No series has ever made me pull a sharper 180 than Volition's Saints Row. I hated, hated, hated the first one over on Xbox, as much for its shameless ripping off of Grand Theft Auto as any of its actual crimes. It took a long time before I risked a few quid on the infamously buggy PC sequel, and at least a few months between firing up the first time and actually sinking in enough time to see the great game within. Fast-forward a few years, and Saints Row IV was a strong contender for my favourite game of 2013, in all its insane, chaotic glory. After that came Gat Out of Hell, and why not? It's as sensible an idea as anything else the Saints have done.
It's not however the violence and superpowers that really attracts me to the series, as fun as bombing around to 80s hits absolutely is. It's the evolution of its tone, and in particular the way that it broke away from most of its peers by eschewing cynicism in favour of finding a heart.
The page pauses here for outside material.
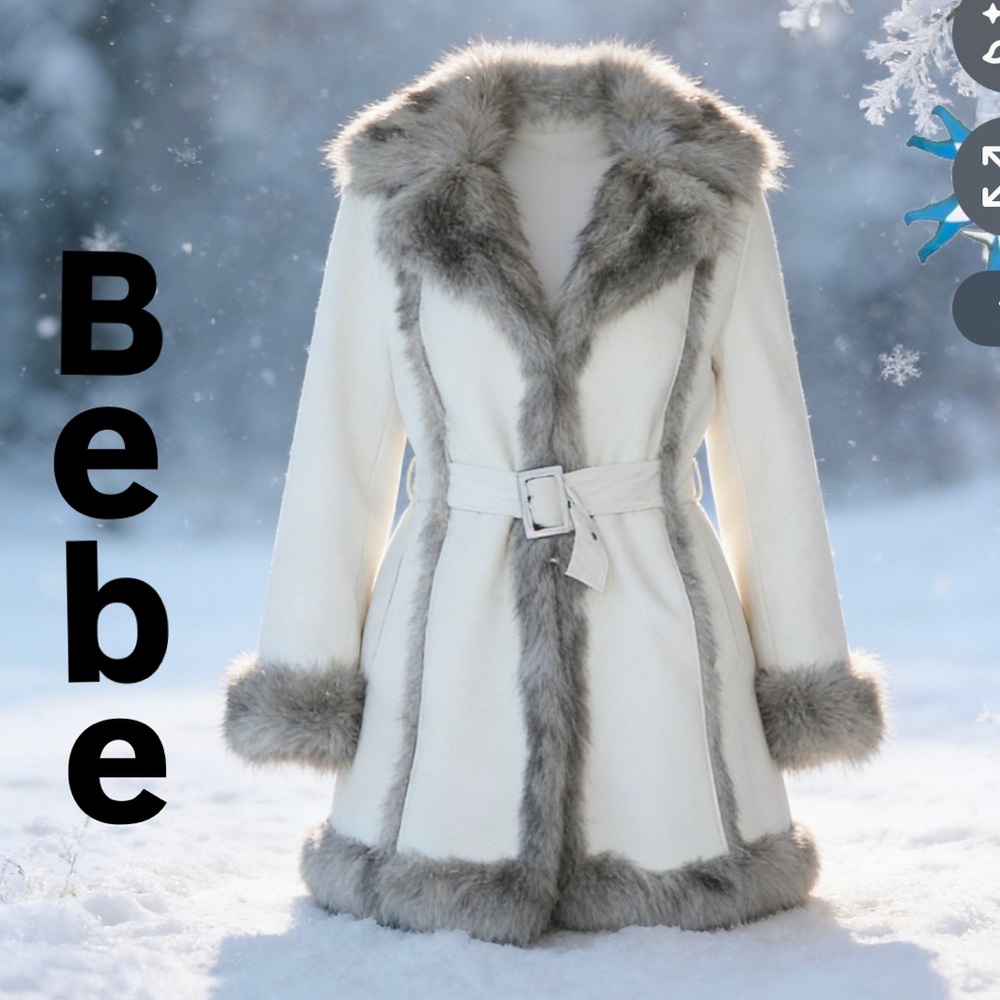 BEBE suede and faux fur trimmed belted Jacket SZ M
In Saints Row 2, the main character - the Boss - is a straight-up monster, happily doing things like crippling a musician's hand just to make a point and making another gang leader kill his girlfriend by sticking her into the boot of a car he's about to crush with a monster truck. The word is 'Damn', especially in a relatively light game full of goofy diversions and cartoon villains.
Where most series would likely have stepped up the edginess to torture and other horrible content however, Volition chose a new path. In Saints Row 3 you can see the series at a crossroads; the Saints being recast as celebrities rather than really crooks, but the world still flapping around and trying to be edgy with sex content and lots of prostitutes and strip clubs and whatever.
It's actually a pretty fascinating game, especially the bits that are broken, incongruous and held together with sticky-tape. Just for starters, it's a world whose main character considers stripper poles an essential part of any base and can wield a giant dick on a stick, but also one of the few GTA-style games where female characters are casually in positions of power on both sides of the line and able to give as good as they get. It's a story wise enough to be goofy, so that you don't get the GTA incongruities of murdering a thousand cops while valiantly fighting to clear your name of shooting a cop, or having Nico Bellic sob about violence while toting a rocket launcher. It's also one where the main characters... and this is very rare in oh-so-edgy mature games... actually like each other. All of this comes not out of the blue, but as a result of decisions made, examined, evaluated, and changed based on what the creators wanted rather than necessarily audience expectations.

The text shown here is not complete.